I have been so unbelievably busy with music making I almost forgot to eat yesterday… (almost..) I have been trying some new sounds which I really like. It’s cool to see my progress as an artist. I remember the days when I struggled to play an F or a bar chord. Now i’m playing in open tunings, experimenting with air tap, and most of it feels pretty effortless. I suppose that’s where working hard gets you. A task stands before you- daunting, impossible and you face it with every bit of determination and courage you can muster and then slowly, without any noticeable changes one day you’ve succeeded. That was what I realized this week. It took me over ten years to realize this but I finally am the guitarist that when I was eleven years old I dreamt that I would become. It’s an amazing feeling.

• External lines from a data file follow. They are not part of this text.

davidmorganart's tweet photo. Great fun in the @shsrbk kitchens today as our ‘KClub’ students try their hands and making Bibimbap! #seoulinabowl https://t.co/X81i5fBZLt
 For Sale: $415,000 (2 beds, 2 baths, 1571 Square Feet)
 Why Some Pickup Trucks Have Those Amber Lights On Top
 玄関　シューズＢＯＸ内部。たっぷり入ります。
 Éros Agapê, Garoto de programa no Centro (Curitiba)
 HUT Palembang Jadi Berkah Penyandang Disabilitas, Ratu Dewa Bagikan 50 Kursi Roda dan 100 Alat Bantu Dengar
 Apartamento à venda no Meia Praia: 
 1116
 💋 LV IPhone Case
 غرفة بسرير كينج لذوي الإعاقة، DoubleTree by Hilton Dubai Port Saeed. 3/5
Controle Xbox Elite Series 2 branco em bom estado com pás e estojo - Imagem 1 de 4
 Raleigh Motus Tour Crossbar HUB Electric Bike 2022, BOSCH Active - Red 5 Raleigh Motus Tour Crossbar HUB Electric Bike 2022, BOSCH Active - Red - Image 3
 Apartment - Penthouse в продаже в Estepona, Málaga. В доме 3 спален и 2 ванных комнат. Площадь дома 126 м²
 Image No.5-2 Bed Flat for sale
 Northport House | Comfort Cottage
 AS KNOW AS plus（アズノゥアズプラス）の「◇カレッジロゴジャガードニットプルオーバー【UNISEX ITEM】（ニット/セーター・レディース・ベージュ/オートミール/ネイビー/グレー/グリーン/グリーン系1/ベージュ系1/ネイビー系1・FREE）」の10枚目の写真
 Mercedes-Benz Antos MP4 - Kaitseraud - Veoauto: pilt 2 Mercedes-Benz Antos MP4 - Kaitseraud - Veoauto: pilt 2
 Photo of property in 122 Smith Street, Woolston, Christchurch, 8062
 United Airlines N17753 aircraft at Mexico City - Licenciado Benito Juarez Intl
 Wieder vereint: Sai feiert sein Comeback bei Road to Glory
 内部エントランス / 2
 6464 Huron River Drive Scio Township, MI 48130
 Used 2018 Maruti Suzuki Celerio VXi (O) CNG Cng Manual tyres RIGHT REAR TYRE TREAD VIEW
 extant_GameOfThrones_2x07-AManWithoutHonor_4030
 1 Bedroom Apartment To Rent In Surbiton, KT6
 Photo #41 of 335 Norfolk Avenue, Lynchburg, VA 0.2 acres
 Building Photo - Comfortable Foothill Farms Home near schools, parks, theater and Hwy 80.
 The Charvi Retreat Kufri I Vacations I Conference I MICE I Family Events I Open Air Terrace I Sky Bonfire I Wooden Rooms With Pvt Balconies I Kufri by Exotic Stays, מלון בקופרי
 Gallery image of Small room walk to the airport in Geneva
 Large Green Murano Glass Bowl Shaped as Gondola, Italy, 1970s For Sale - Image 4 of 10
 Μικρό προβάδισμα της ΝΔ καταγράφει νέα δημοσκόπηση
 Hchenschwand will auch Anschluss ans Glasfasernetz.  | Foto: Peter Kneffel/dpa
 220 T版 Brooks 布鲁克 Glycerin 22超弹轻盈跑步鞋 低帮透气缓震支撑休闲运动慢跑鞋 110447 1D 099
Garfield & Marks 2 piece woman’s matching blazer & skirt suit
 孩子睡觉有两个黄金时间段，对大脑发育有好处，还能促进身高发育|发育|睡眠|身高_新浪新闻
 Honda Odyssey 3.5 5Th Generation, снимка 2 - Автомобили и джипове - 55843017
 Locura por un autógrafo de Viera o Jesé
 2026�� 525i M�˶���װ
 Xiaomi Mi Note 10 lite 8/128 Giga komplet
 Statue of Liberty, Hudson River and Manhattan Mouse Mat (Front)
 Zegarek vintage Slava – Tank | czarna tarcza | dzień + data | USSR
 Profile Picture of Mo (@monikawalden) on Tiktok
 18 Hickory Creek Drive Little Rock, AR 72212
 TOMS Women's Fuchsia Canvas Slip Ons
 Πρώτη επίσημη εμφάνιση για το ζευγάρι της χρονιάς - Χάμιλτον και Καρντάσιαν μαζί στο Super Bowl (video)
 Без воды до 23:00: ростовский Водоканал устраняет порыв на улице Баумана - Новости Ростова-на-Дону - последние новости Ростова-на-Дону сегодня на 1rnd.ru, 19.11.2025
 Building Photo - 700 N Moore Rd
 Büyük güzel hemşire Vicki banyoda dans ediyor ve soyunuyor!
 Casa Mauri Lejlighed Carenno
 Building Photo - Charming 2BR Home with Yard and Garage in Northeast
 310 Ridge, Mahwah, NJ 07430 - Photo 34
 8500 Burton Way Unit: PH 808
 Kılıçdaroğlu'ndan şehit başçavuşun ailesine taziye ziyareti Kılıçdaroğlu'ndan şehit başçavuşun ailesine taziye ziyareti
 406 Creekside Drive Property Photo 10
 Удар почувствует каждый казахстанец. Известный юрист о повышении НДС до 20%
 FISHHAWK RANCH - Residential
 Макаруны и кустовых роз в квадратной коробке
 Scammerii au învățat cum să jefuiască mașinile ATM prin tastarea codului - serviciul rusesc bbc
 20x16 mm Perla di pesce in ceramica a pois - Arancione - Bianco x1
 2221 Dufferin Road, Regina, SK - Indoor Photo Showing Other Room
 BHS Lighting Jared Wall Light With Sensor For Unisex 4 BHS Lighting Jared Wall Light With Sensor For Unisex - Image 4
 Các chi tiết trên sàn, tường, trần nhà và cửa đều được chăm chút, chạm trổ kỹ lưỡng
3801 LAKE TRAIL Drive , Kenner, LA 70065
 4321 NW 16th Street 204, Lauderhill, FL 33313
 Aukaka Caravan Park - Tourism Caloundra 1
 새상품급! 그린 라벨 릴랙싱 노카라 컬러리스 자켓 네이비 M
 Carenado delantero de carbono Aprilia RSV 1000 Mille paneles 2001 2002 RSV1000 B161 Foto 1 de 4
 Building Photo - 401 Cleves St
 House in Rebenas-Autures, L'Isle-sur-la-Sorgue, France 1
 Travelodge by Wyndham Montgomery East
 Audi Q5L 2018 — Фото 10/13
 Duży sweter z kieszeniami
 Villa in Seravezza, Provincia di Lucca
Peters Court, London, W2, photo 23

This week I’ll be recording with two very different producers both of which I love and respect so much. One in upstate New York one downstate. The production process is such an exciting but a very, very stressful time. I’m a perfectionist when it comes to my music and I stay up at night imagining bass lines and harmonies in these songs that I’ve written so many, many months ago.
That’s perhaps the most frustrating part- having all of these songs that NOBODY has heard. I have 22 of them. That’s like two albums. These new songs detail some of the darkest and most beautiful days of my life. A recent illness, a difficult break up, an epiphany, a change of heart, and a rebirth. They are my blood and sweat and tears in sound and I care about them more than I care about almost anything else.
When you hear them you’ll see exactly what I’m talking about. My voice has changed- everything- style, sound, presentation. I assert myself more than I ever have as an artist with a confidence I only recently achieved. I hope these songs are as cathartic for my fans as they were for me.
Wednesday, September 12th I’ll be playing a show in Manhattan at Bar East. If you’re in the city, do come. I’ll be playing all these songs I’m raving about.
If you’ve read this far down the page- I love you, I really do.